Apache Pekko Cluster Bootstrap
Pekko Cluster Bootstrap helps forming (or joining to) a cluster by using Pekko Discovery to discover peer nodes. It is an alternative to configuring static seed-nodes
in dynamic deployment environments such as on Kubernetes or AWS.
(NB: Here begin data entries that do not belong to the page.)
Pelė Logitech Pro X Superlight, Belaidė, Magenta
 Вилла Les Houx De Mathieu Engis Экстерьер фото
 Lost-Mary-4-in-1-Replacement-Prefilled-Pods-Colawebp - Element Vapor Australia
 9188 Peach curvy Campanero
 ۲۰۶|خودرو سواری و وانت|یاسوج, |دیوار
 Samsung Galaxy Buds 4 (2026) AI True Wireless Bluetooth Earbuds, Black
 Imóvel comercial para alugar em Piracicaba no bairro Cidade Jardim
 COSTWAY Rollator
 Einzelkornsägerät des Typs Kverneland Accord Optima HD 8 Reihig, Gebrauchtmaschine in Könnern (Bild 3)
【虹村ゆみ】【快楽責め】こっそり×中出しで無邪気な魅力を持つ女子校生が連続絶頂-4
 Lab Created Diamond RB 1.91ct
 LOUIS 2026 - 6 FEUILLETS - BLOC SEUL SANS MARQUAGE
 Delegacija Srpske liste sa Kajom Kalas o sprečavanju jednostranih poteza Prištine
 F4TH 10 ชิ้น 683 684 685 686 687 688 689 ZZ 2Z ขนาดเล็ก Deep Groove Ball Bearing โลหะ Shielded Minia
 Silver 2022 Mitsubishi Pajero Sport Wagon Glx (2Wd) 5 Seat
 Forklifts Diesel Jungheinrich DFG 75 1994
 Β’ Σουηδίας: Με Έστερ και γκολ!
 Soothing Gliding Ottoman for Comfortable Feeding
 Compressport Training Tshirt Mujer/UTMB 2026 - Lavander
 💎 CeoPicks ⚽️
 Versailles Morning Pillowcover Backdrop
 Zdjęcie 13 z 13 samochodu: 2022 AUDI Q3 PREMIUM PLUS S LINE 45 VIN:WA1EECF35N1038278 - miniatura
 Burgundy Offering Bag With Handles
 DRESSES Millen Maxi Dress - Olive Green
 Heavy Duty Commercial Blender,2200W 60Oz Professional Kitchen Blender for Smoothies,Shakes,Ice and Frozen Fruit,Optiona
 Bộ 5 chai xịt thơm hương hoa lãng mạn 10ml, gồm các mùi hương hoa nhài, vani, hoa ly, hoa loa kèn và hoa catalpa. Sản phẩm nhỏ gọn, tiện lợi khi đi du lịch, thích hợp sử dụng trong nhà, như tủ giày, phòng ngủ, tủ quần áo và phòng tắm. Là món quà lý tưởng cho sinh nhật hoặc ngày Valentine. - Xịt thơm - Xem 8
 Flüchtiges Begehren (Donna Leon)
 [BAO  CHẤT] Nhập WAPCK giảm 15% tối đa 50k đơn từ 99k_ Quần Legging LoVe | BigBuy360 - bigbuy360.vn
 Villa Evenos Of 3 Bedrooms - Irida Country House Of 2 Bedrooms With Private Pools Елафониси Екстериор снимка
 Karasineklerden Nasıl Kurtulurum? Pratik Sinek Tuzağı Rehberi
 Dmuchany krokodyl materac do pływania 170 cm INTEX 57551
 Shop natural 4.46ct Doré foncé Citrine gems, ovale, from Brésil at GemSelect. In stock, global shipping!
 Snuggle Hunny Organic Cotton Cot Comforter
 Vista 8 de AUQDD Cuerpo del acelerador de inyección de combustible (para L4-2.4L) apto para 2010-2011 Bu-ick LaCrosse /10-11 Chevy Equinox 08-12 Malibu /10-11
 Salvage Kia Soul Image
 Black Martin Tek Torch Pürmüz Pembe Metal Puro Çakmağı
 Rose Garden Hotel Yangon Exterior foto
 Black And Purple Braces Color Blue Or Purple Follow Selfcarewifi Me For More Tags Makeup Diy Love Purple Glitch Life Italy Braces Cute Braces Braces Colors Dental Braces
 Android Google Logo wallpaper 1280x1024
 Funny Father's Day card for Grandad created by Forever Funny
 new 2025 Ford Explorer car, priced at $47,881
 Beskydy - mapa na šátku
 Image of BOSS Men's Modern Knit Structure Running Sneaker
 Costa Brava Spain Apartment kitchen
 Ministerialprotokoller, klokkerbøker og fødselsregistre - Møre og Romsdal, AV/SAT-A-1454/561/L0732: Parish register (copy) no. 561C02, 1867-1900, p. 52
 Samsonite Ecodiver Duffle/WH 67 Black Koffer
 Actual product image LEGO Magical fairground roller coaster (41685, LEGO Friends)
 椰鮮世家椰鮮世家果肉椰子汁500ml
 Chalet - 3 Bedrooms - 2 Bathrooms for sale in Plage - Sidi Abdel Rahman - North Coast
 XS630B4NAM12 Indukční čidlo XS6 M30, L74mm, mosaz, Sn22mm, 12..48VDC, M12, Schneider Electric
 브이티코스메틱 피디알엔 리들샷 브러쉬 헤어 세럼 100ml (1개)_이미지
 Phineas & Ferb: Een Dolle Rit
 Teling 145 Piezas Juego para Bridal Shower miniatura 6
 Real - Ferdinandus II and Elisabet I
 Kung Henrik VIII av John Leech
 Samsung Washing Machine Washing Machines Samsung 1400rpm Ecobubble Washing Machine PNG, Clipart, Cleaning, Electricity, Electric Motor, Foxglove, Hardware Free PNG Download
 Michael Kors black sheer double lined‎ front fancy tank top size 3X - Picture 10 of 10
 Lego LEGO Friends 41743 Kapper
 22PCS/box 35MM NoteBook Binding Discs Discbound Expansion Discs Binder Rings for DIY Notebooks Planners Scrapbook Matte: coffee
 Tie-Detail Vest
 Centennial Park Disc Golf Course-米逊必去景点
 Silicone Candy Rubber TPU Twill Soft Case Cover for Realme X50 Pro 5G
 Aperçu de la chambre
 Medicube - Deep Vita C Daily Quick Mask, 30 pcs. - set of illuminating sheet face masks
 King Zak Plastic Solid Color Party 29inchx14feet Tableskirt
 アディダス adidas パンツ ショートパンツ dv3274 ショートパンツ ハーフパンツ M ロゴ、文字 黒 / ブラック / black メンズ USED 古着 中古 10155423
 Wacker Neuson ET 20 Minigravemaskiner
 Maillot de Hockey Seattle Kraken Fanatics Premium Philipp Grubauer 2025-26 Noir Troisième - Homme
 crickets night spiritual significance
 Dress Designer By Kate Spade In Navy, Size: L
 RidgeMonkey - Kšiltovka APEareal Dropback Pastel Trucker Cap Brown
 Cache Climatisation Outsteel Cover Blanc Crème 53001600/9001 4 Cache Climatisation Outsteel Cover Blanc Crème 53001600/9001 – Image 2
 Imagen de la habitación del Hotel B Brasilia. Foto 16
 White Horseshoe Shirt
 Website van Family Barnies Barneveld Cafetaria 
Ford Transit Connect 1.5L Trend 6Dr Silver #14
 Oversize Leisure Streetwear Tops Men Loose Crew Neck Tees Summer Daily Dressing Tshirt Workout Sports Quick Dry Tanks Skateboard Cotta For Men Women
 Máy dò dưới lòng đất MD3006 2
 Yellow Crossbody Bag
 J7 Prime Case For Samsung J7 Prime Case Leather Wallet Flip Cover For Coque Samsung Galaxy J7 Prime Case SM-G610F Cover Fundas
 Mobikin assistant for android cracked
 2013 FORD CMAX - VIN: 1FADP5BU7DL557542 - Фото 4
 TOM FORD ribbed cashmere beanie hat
It builds on the flexibility of Pekko Discovery, leveraging a range of discovery mechanisms depending on the environment you want to run your cluster in.
Prerequisites
Bootstrap depends on:
- Pekko Discovery to discover other members of the cluster
- Pekko Management to host HTTP endpoints used during the bootstrap process
A discovery mechanism needs to be chosen. A good default choice is DNS.
Project Info
Project Info: Apache Pekko Cluster Bootstrap | |
---|---|
Artifact | org.apache.pekko
pekko-management-cluster-bootstrap
1.1.0
|
JDK versions | OpenJDK 8 OpenJDK 11 OpenJDK 17 OpenJDK 21 |
Scala versions | 2.12.20, 2.13.15, 3.3.4 |
License | |
Home page | https://pekko.apache.org/ |
API documentation | |
Forums | |
Release notes | Release Notes |
Issues | GitHub issues |
Sources | https://github.com/apache/pekko-management |
Dependency
Add pekko-management-cluster-bootstrap
and one or more discovery mechanisms to use for the discovery process.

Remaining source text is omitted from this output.